Ese año fue medular para el gobierno cantonista, que caería en febrero siguiente por la acción conservadora, y es cierto que El Zorzal aceptó la invitación para asistir el 4 de julio al local partidario de calle 9 de Julio, donde cenó y cantó luego, con agasajo de sus anfitriones y concurrentes. Cantó siempre sin muchos miramientos políticos, para diversos gobernantes de distinta ideología y en ocasionales lugares del mundo. No tenía vicios ostensibles ni costumbres que afectaran su apego indubitable a una rigurosa disciplina psicofísica, musical y actoral. Dicen que obsequió una guitarra en la plaza al jorobado Torres, que lo guió un chofer Ortiz, que jugó y comió en La Morisca (frente a DIARIO DE CUYO), y es tanto de verosímil todo como que hay fotos decidoras que bien lo ubican con la verdad.
En un Medellín nebuloso de un 24 de junio, sobre las 15.10, quiso el Hacedor poner fin a su gira postrera y definitiva. Gardel había actuado allí, en un teatro que ya no existe, los días 10, 11 y 12 de junio, y hacía una escala técnica de Bogotá para Santiago de Cali, cuando los aviones se encuentran y sucede la tragedia. Los detalles son difusos y argumentados.
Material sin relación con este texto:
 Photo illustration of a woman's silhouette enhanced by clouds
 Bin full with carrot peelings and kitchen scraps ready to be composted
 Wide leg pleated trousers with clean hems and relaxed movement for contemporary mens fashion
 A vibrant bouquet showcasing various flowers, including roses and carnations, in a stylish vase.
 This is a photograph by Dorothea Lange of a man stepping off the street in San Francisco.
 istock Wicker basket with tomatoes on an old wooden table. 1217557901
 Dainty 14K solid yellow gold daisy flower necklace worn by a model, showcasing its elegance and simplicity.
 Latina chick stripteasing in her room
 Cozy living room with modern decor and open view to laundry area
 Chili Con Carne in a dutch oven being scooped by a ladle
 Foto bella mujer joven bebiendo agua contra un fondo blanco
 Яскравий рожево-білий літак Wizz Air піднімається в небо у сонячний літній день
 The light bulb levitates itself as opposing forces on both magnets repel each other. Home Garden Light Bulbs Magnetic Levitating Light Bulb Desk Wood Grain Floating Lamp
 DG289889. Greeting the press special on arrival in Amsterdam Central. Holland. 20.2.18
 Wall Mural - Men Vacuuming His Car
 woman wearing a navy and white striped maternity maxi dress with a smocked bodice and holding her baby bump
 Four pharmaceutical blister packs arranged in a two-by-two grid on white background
A esa ciudad colombiana de cerros verdes, esmeraldas glaucas, orquídeas multicolores, gente morena y noble, donde a Carlitos le copiaron la sonrisa como una bella herencia, hemos acudido a modo de sencillo homenaje y en su memoria -Guillermo, Diego y el autor- con una mármol burilado que dice sólo eso: "a la voz inmortal, cada día mejor, patrimonio de la humanidad, ejemplo y orgullo nacional”. No es poco para resumir una vida. Este miércoles será colocada en el transcurso de un acto que adorna la Semana Internacional del Tango, en su avenida Carlos Gardel, la antigua Carrera 45, en el Barrio de Manrique del arrabal medillenense. Es el espacio ideal para pensar a Carlitos en un tiempo menos absurdo. La ciudad toda se hace tango; es milonga, valses y tangos, de una a otra esquina, y emociona con dureza.
Si hasta las golondrinas de un solo verano se ofrecen volver, con la frente marchita, por los caminos del viento plateando la sien. El silencio es cruel, y hace tanto mal. Abundante la risa donde lágrimas hubo, con las gorduras de Botero, el lirismo de Jorge Isaacs, y en la entrada del aeropuerto, sobre un grisáceo monolito de piedra apizarrada, la imponente y arrugada queja de un bandoneón bajo la lluvia.